The use of biomimetic stents has proven to be an area where the regulatory process can be both extensive and cumbersome. This is in part due to the fact that both the regulatory requirements of a biologic and a medical device must be considered. All biomimetic stents or drug-eluting stents (DES) are class III devices requiring the submission of a Pre-Market Approval (PMA). The Food and Drug Administration (FDA) has defined a combination product in 21 CFR § 3.2(e), to be compromised of two or more regulated components, i.e., drug/device, biologic/device, drug/biologic, or drug/device/biologic, that are physically, chemically, or otherwise combined or mixed and produced as a single entity. Biomimetic stents would fall under the regulation of a biologic/device. Depending upon the type of combination product, its approval, clearance or licensure may be obtained through a submission of either a single marketing application or through two marketing applications for the individual constituent parts of the combination product. If for example one of constituent parts of a combination product, like heparin coating is already approved for another use, the labeling of the already approved product will have to reflect it new intended use in the combination product, so the FDA may determine that two applications are necessary. The Office of Combined Products (OCP) is developing guidance documents for public review and comment addressing the factors FDA expects to consider whether a single or multiple marketing application(s) should be submitted for a combination product (FDA, accessed 4 May 2007).

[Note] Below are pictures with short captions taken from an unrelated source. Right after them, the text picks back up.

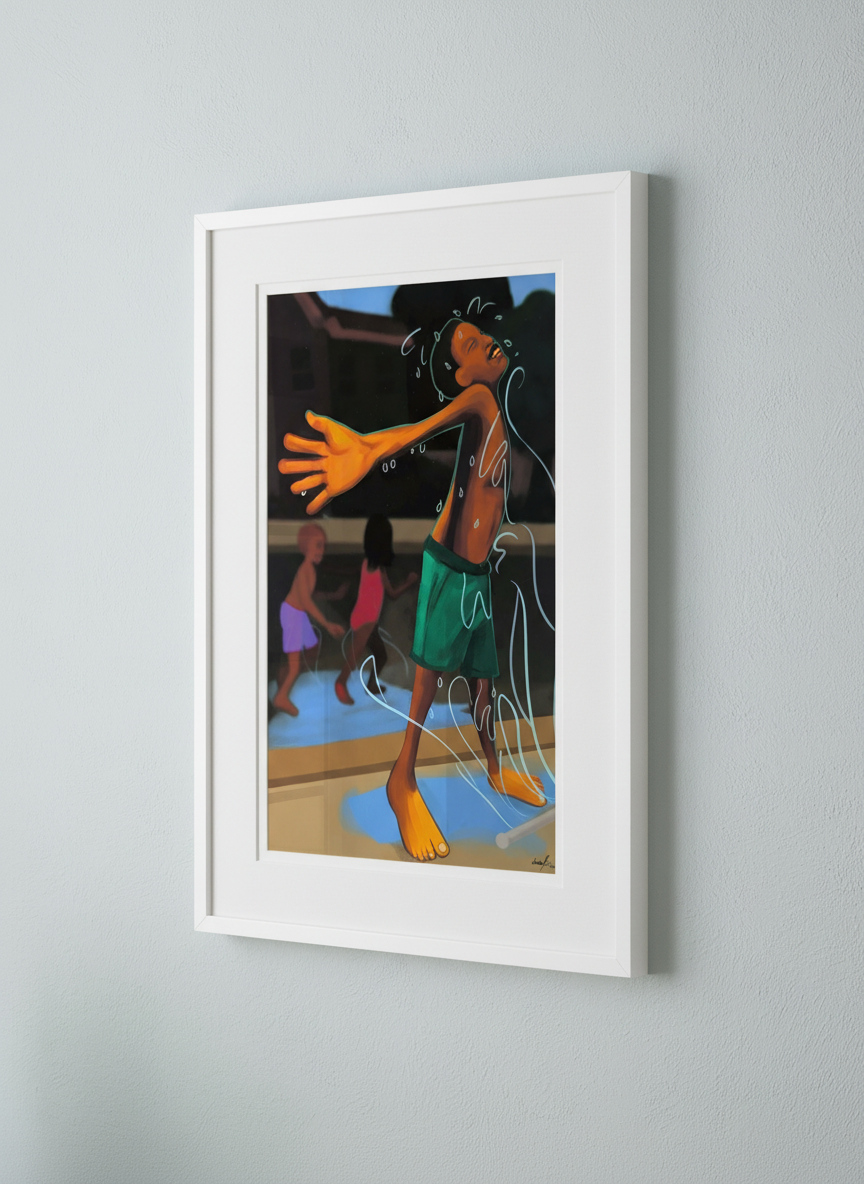 A Summer's Day - Giclée Print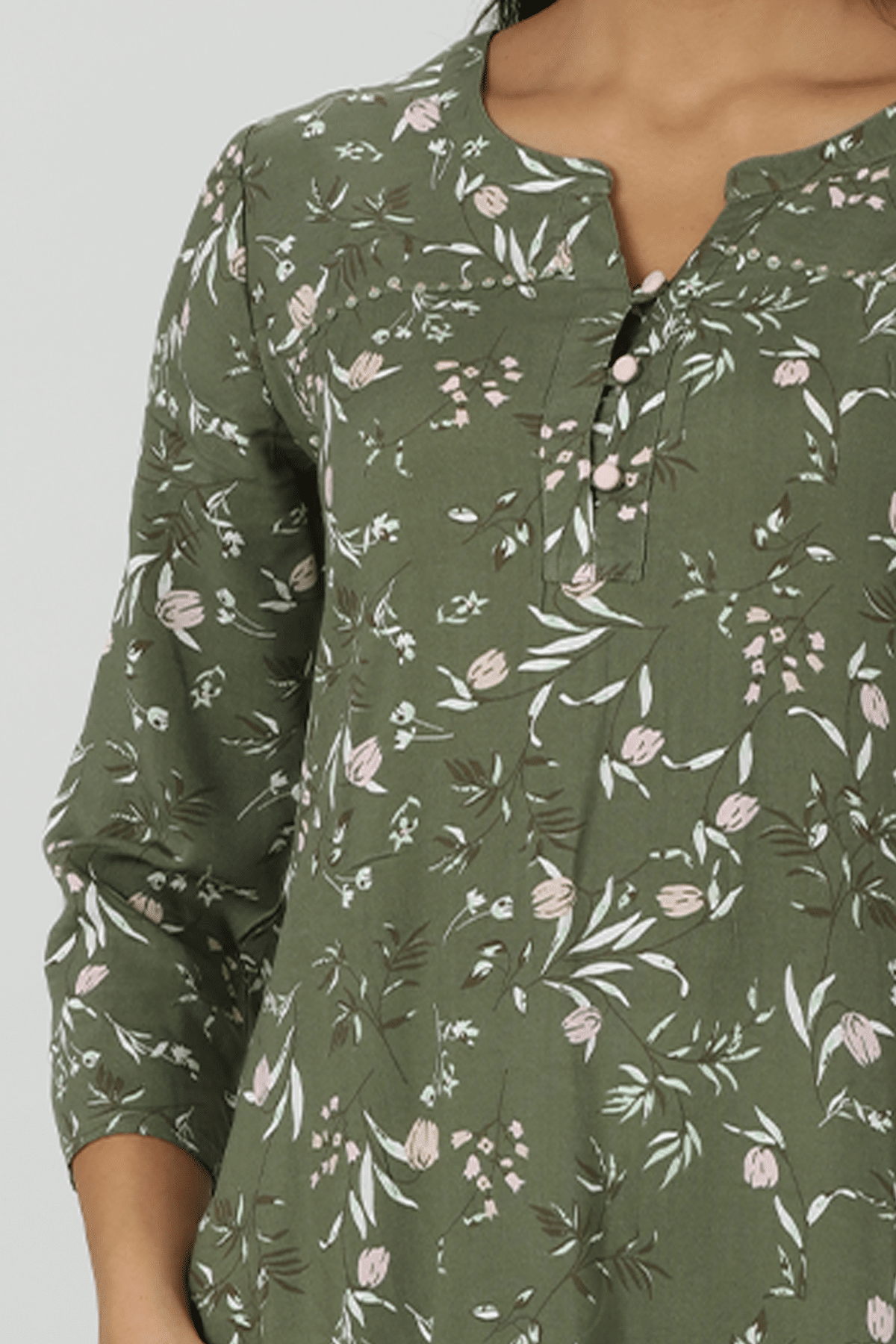 Green Kurtis For Women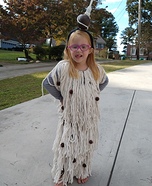 Spaghetti & Meatballs Homemade Costume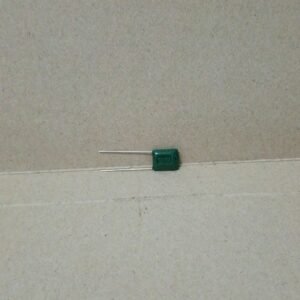 8240 kapasitor capacitor milar mylar hijau green 2a104j 2a 104j 104 100nf 100 nf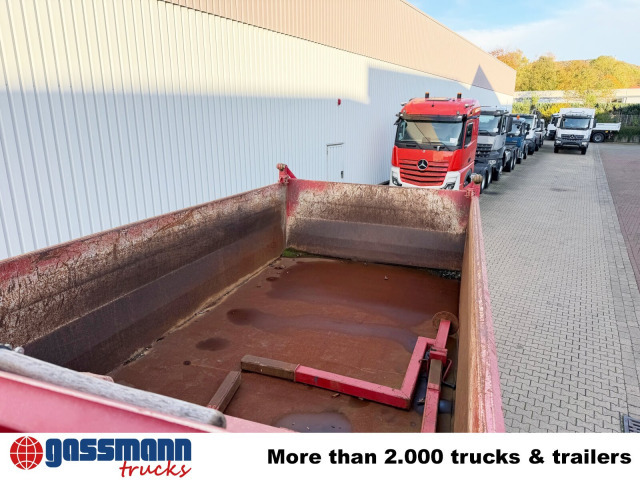 MAN TGA 26.480 6X6H BL, HydroDrive, Intarder, - Camion basculantă: Foto 2 MAN TGA 26.480 6X6H BL, HydroDrive, Intarder, - Camion basculantă: Foto 2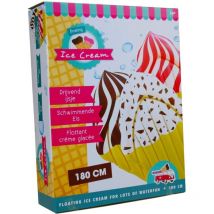 Luftmatratze Softeis Strand Pool Matratze Design Stracciatella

There are three departments in which the FDA center can oversee a product’s regulation: Center for Drug evaluation & Research (CDER), Center for Biologics Evaluation & Research (CBER), and the Center for Devices & Radiological Health (CDRH). Of these three a company would prefer to through CDRH, because it is less stringent and easier to get a product approved and on the market. There has been a debate with the FDA as to what department is assigned for review of combination product PMA’s, this is in part the reason of the inception of the OCP. The OCP is to act under a set of defined ‘mode of action (MOA) and ‘primary mode of action’ (PMOA), in which it is to ensure the prompt assignment of combination products to agency components, the timely and effective pre-market review of such products, and the consistent and appropriate post-market regulation of combined products. The single mode of action of a combination product is that it provides the most important therapeutic action of the combination product (FDA, accessed 4 May 2007). Due to the heavy regulation of combination products many companies have opted to just provide the biologic or drug through licensing while, the device company takes on the responsibility of the combination regulatory requirements.

Industry examples of Regulatory Stents and Coating Manufacturers

The use of biomimetic and biological materials like heparin coating for anticoagulation in combination with the stent can be a powerful tool against diseases like restenosis, thrombosis, myocardial ischemia, myocardial infraction, stroke, and other coronary heart disease. This is a lucrative market in which the main players consists of Guidant (a division of J&J), Cordis, Boston scientific, Medtronic, Allvivo, Advanced Bio Prosthetic Surfaces, Biosensors International, Biotronik, Conor Medsystems, Design and Performance Corporation, Devax, Endovasc, Hemoteq, OrbusNeich, REVA Medical, Surmodics, and Translumina (Chadwick, 2006). While some of these companies are in the business of both the production and regulation of the drug or biological in conjunction with the stent, just Allvivo, Hemoteq and Surmodics are in the market for biomimetic coatings and have elected to develop only the coating and leave the stent manufacturing to others like J&J. All three companies, Allvivo, Surmodics, and Hemoteq do assist its customers with resources and support through the regulatory process and maintain their device master files with the FDA to expedite the regulatory approval of new products (Allvivo, Hemoteq, SurModics, accessed on 4 May 2007) (figure 2).

Figure 2. Five Basic Steps to begin utilizing SurModics technology to enhance the product.

While drug eluting stents are similar in fashion to biomimetic stents and they often get regarded as the same, they are different; one lies under regulatory requirements of a drug and the other a biologic. As of late 2003, the only drug-eluting coronary stent that has been granted US FDA approval is the Cypher sirolimus-eluting coronary stent from Cordis Corporation (Medical Device Link, accessed on 4 May 2007). There are certain specifications and physiological parameters that must be proven during clinical trials for indications of use. For example, the Cypher sirolimus-eluting coronary stent is indicated for the use of improving coronary luminal diameter in patients with symptomatic ischemia disease due to discrete de novo lesions of length < 30 mm in native coronary arteries with a reference vessels diameter of > 2.5 to < 3.5 mm. While Cordis manufactured the stent, Surmodics provided the coating for the stent. The regulatory strategy employed by Cordis was to perform the necessary research upfront, and provide reimbursement for Cypher upon market approval by approaching Medicare and Medicaid before FDA approval. Another company that came out with an approved combination product was Boston Scientific, who in 2004 came out with their own stent, the Taxus stent, that was coated with Placlitaxel also known as SIBS or poly (styrene-b-isobutylene-b-styrene). It was approved for the taxus express2 paclitaxel-eluting coronary stent system (monorail and over-the-wire), and the device is indicated for improving the luminal diameter for the treatment of de novo lesions <28 mm in length in native coronary arteries > 2.5 to < 3.5 mm in diameter (Baura, 2007). While these two are the only examples of approved coated stents in the market, it is important to keep in mind that these are approved drug coated stents, to date there are no approved biomimetic stents.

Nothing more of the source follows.